**TASK PROMPT:** Please set down only the lines below starting with the line with "Set Ngủ Tiểu" and going on through the line with "Beauty salon tools", verbatim and without pictures.

[Records from a data source]
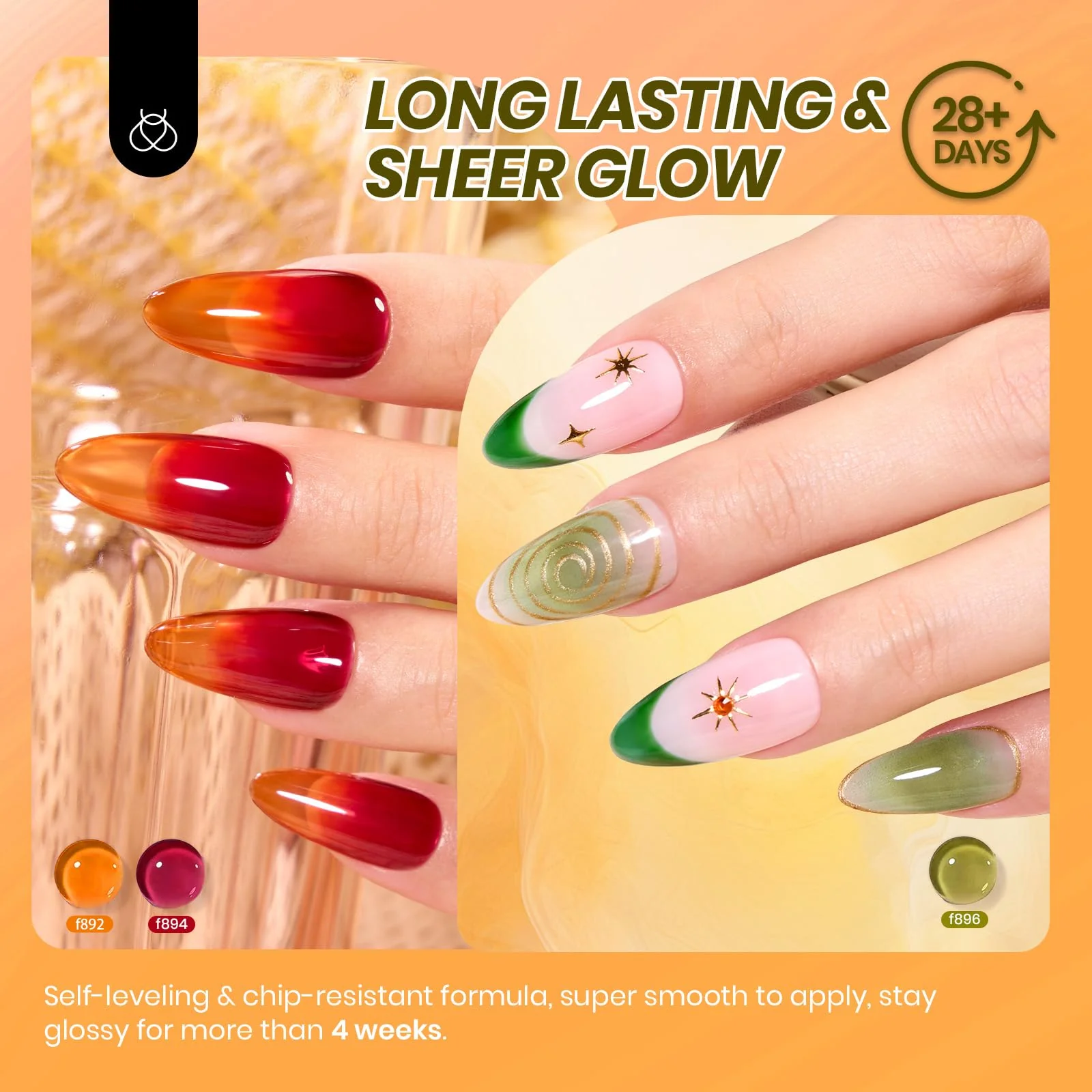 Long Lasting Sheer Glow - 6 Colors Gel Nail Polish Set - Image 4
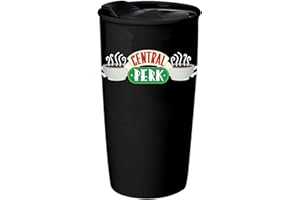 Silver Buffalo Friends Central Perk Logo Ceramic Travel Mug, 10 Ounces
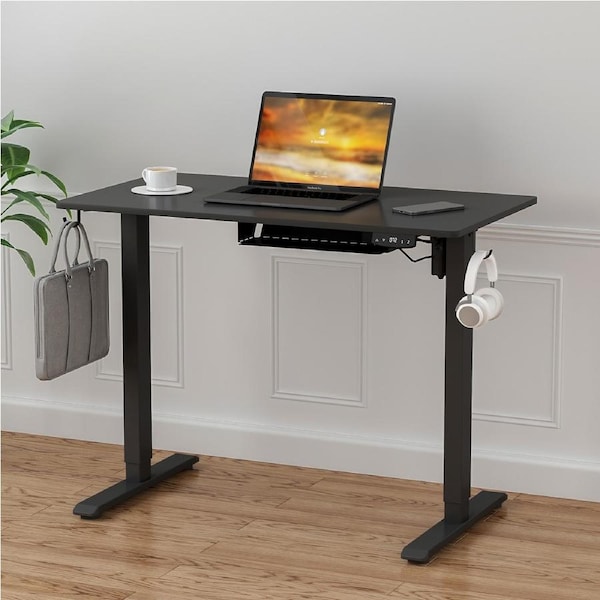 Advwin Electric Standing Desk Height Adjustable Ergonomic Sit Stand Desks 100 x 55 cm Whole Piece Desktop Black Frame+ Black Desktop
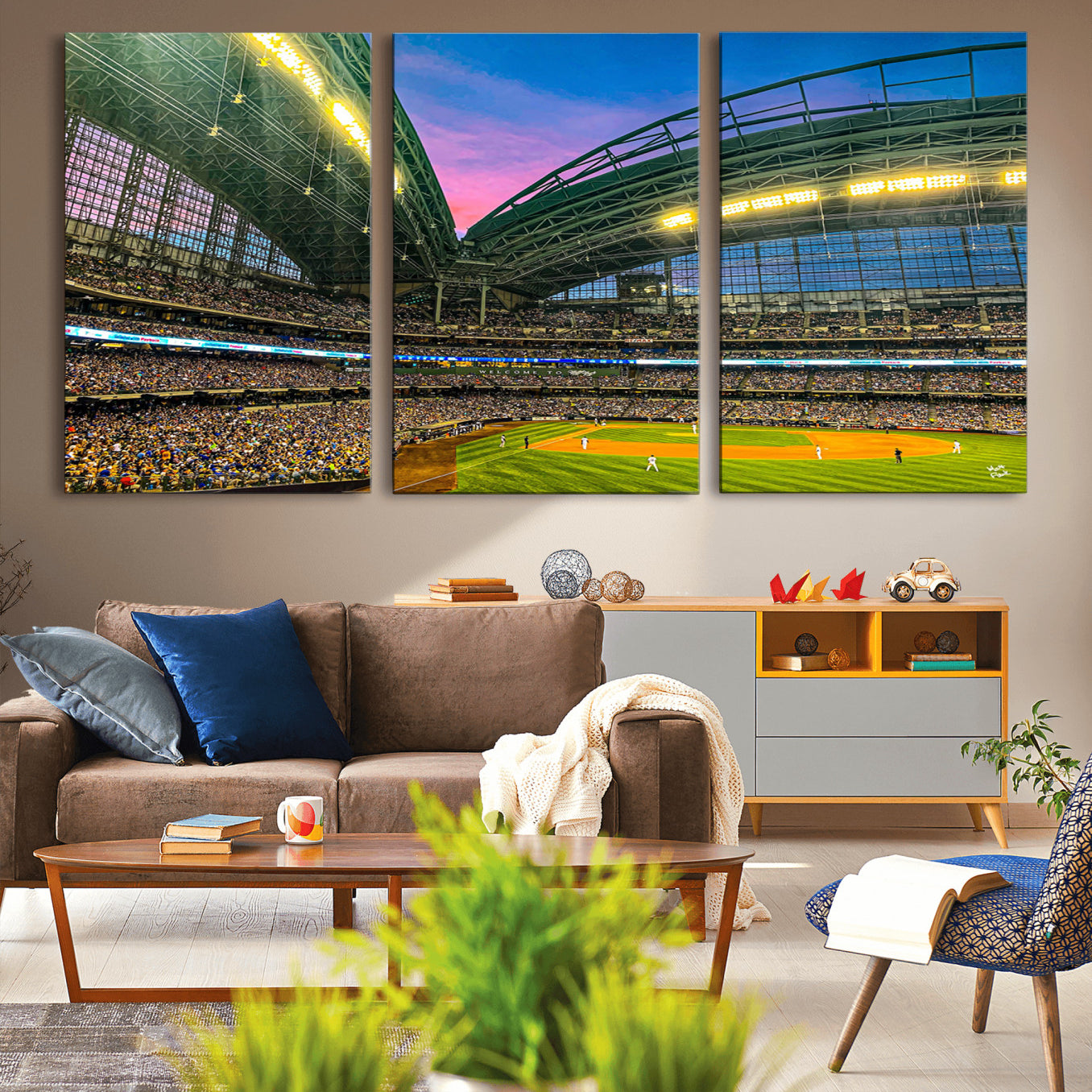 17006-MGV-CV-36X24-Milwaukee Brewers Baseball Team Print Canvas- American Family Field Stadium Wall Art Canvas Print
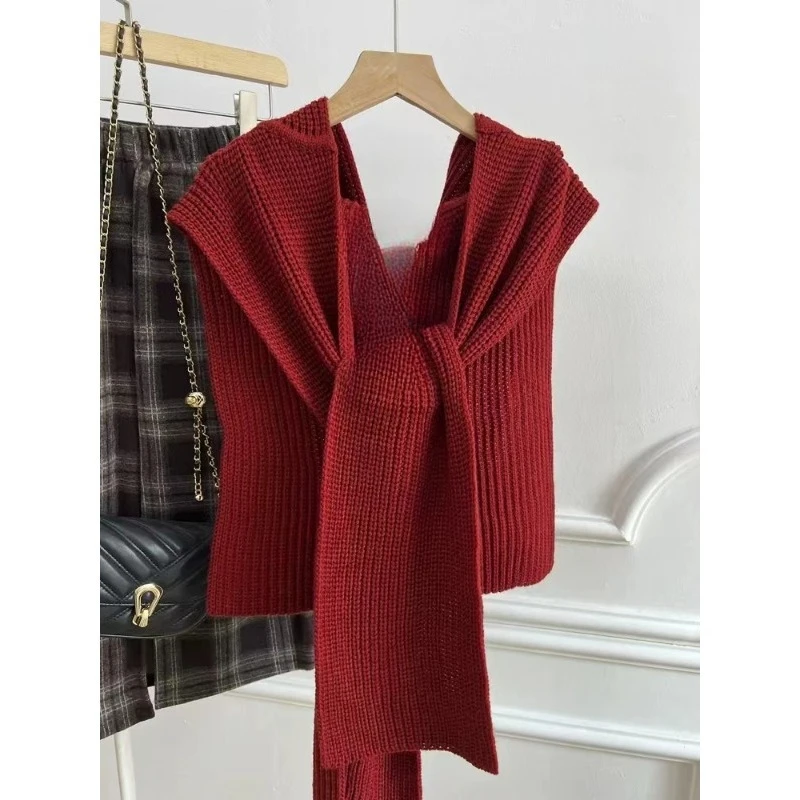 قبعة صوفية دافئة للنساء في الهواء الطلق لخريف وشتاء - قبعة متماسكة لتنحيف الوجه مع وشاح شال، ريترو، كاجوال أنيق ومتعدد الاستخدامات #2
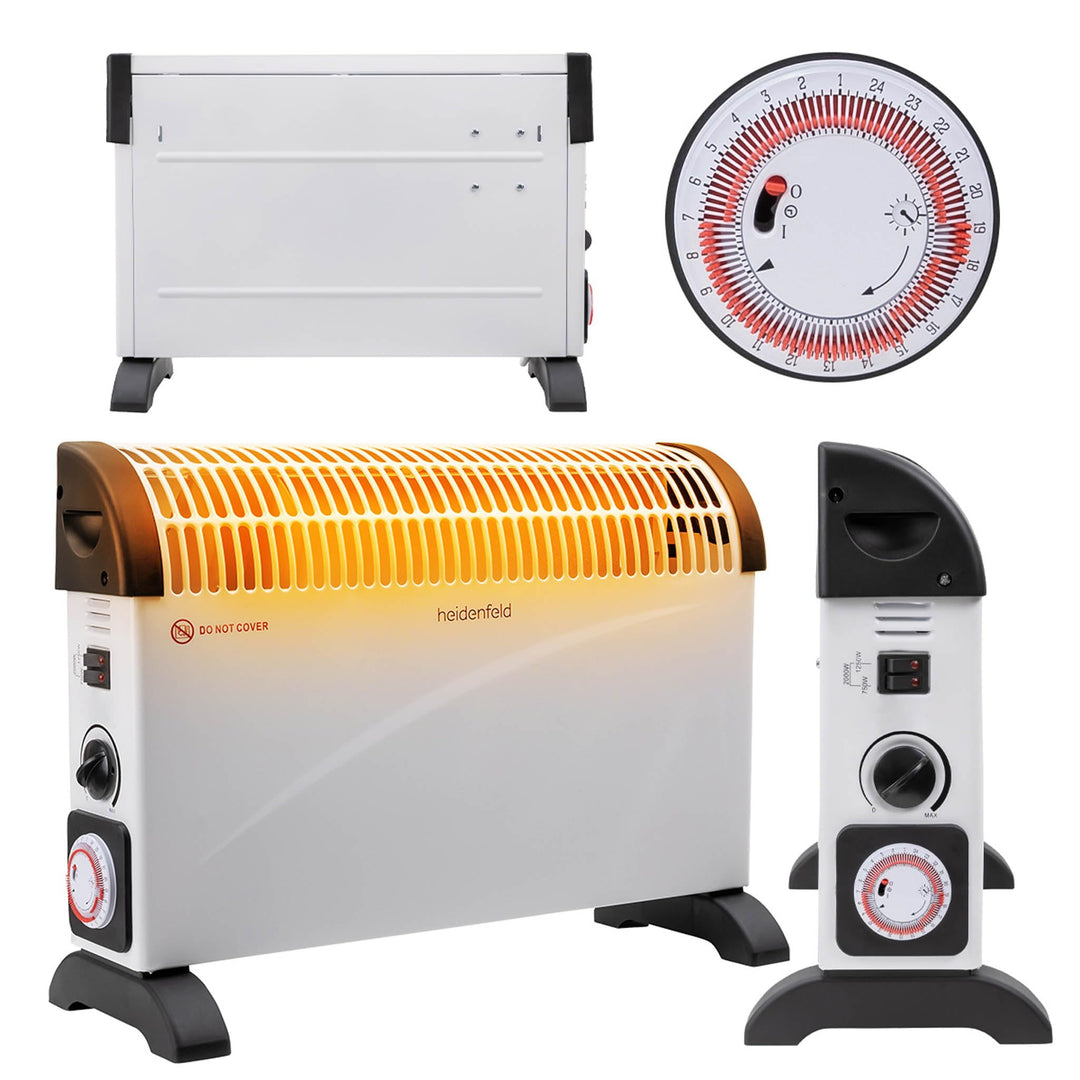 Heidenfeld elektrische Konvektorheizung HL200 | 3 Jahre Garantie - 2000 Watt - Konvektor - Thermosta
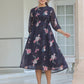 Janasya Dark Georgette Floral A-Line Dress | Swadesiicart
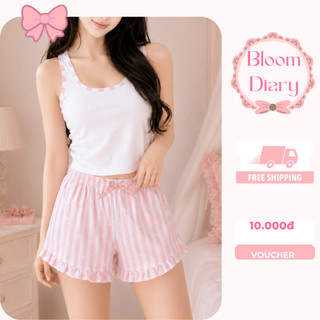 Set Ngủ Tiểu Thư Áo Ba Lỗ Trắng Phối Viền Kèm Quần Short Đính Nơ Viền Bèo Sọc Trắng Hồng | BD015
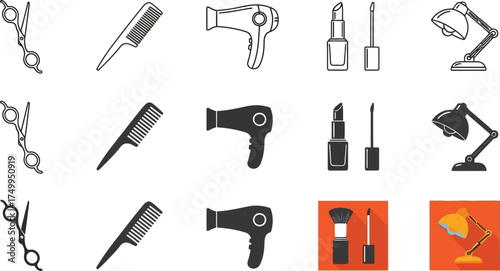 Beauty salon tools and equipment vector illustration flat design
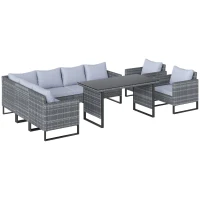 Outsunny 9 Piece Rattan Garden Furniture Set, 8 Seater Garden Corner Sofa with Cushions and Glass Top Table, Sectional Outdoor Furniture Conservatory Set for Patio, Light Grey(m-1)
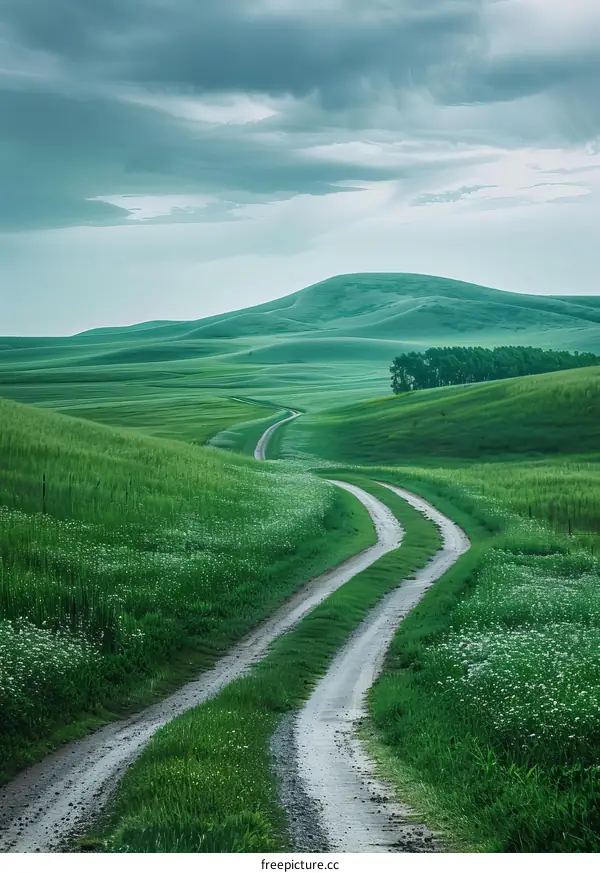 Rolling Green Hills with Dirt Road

**THE ANSWER:**
 Set Ngủ Tiểu Thư Áo Ba Lỗ Trắng Phối Viền Kèm Quần Short Đính Nơ Viền Bèo Sọc Trắng Hồng | BD015
 Beauty salon tools and equipment vector illustration flat design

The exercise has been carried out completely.